A Review of Critical Mathematics Education: Theory, Praxis, and Reality
University of Regina
Critical Mathematics Education: Theory, Praxis, and Reality is a collection of 17 chapters written by a number of authors and edited by Paul Ernest, Bharatha Sriraman and Nuala Ernest. In their forward, the Editors summarize three major recurring themes throughout the book Chapters: (a) the epistemological roots of mathematics and critical mathematics, (b) the hegemony of mathematics in society, and (c) mathematics and its ties to capitalism, globalization, and politics. This book serves as a significant contribution to theoretical knowledge in critical mathematics and also provides practical applications from the theoretical for practising educators. This book review is written from two perspectives: a (becoming) critical mathematics education researcher, and a practising secondary mathematics teacher.
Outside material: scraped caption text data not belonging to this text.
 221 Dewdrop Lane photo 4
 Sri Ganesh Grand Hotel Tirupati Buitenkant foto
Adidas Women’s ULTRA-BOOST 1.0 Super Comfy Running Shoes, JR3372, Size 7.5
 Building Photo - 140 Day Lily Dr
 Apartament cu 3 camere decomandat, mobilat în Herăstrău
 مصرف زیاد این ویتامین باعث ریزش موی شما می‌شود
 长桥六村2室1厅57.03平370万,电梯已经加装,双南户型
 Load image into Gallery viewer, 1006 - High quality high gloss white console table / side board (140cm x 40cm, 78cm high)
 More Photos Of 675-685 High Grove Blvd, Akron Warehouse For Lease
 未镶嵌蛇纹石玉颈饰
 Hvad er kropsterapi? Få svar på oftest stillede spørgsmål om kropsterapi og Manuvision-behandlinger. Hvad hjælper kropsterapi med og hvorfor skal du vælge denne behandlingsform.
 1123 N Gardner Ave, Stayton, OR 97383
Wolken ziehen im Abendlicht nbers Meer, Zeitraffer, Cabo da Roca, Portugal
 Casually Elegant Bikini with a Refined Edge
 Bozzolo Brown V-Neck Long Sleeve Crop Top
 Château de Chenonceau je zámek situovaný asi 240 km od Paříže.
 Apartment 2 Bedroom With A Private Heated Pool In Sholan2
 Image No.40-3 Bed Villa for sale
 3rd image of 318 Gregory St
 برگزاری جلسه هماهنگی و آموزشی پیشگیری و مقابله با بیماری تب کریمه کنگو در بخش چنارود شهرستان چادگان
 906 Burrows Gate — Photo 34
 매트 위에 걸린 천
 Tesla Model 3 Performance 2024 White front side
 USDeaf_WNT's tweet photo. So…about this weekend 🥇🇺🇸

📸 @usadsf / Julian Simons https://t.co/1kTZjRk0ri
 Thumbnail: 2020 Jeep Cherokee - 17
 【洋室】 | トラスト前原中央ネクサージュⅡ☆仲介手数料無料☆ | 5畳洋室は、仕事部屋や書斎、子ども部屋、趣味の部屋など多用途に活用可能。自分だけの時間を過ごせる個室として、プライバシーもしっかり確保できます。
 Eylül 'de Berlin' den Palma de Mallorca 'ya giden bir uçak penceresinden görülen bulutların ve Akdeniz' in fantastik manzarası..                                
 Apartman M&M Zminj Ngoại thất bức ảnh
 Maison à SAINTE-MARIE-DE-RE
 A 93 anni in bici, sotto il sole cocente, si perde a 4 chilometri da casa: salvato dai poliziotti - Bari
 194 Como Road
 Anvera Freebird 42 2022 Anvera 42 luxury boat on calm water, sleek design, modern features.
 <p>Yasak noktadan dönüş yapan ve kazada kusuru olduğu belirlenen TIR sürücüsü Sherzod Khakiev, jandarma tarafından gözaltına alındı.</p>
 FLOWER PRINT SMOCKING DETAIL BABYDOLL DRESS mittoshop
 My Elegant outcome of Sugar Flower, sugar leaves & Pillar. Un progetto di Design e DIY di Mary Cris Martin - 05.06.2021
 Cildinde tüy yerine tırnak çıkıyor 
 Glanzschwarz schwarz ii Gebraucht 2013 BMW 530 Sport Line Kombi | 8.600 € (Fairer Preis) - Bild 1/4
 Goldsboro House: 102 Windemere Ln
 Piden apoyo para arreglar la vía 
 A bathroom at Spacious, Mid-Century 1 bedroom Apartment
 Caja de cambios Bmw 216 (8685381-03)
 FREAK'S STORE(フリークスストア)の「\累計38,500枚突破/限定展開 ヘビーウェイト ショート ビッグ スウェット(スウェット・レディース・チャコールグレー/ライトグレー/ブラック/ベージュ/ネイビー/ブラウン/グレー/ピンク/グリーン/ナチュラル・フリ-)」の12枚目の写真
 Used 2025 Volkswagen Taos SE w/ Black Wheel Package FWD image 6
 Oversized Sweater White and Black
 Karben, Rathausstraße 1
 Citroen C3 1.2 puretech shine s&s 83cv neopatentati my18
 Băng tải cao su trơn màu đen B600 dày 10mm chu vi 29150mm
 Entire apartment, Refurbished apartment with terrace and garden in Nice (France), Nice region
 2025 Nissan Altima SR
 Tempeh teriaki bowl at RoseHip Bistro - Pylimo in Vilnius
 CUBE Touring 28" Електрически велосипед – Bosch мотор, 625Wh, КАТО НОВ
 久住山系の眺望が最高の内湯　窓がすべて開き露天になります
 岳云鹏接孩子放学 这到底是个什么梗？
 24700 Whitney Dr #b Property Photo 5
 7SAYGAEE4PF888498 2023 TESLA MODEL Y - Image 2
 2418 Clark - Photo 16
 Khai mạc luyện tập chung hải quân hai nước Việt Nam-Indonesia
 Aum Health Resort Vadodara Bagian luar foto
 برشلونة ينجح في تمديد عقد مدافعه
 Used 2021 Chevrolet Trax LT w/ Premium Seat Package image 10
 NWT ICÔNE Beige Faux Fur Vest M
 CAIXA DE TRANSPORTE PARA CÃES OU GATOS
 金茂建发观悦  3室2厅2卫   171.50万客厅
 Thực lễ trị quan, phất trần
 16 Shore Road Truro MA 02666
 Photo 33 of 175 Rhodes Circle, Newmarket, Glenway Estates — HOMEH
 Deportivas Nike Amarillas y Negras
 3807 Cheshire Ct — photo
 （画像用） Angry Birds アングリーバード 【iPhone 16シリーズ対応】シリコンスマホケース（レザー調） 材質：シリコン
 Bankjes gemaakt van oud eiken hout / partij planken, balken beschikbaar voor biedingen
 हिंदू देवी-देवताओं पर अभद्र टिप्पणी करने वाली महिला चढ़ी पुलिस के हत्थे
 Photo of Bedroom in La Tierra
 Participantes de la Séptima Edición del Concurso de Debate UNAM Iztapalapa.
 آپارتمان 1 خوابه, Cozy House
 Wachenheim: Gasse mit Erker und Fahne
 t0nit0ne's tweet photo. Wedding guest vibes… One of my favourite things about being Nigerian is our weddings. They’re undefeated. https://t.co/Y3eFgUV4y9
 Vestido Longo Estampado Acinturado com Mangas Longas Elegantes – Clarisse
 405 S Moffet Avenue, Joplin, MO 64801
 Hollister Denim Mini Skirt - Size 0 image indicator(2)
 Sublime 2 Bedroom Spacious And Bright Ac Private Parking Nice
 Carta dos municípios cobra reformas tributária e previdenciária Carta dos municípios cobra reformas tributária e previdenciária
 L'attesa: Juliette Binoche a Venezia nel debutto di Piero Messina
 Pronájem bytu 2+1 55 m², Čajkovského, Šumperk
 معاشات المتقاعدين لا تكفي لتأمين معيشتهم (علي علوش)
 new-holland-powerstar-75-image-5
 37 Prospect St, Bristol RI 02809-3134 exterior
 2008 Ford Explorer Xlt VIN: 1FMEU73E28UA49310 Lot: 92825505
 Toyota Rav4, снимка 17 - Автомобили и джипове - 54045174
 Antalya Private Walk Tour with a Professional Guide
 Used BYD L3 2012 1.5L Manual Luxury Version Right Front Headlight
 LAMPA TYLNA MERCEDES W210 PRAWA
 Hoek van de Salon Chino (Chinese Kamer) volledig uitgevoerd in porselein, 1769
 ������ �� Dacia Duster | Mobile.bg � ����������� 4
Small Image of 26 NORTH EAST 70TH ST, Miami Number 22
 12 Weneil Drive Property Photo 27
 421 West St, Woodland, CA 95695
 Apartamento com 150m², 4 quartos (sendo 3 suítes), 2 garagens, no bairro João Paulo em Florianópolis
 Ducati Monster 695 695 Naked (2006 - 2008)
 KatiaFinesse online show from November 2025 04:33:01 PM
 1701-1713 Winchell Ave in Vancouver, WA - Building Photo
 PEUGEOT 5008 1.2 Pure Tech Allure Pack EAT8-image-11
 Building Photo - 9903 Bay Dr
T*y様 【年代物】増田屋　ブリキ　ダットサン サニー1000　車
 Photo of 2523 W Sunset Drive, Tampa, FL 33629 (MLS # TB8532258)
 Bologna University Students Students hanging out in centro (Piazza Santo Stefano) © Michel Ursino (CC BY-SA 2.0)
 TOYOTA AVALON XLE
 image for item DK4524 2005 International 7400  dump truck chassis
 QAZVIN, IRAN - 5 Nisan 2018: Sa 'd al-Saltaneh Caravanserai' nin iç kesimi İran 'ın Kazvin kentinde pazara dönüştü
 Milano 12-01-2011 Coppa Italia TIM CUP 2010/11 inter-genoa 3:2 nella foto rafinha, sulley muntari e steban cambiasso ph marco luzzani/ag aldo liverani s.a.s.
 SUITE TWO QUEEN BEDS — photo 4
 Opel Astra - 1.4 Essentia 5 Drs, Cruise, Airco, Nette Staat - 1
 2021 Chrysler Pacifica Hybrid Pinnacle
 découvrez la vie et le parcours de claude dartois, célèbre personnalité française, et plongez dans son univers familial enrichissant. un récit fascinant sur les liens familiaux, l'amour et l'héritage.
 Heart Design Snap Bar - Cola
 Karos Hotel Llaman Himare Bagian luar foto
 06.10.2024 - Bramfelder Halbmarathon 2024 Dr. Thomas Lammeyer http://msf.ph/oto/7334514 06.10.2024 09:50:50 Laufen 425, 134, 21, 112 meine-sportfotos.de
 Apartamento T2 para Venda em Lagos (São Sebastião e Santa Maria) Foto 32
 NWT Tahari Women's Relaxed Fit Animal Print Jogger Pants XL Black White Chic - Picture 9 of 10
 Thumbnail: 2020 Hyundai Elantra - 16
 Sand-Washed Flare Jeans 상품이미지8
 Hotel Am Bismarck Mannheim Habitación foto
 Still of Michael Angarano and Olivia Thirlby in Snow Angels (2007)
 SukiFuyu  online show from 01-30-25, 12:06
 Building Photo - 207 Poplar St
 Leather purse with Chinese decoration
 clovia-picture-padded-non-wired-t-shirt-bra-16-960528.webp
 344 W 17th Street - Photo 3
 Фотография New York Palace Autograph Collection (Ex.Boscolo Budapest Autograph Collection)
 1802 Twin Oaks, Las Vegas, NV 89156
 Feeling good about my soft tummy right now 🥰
A (Becoming) Critical Mathematics Education Researcher
From the perspective of a graduate student (at the University of Regina, Saskatchewan, Canada), about to begin research for a thesis on critical mathematics education, this book serves as a valuable resource and starting place for research. While the book begins by looking at critical mathematics from a theoretical perspective, it continually seeks to create connections between theory and practice. This book includes notable critical mathematics authors such as Ole Skovsmose, Ubiratan D’Ambrosio and Paul Ernest, not to mention numerous other well-known scholars in the field. With such notable scholars, the book possesses a certain level of authority in the field and one that is beneficial for new researchers (like myself).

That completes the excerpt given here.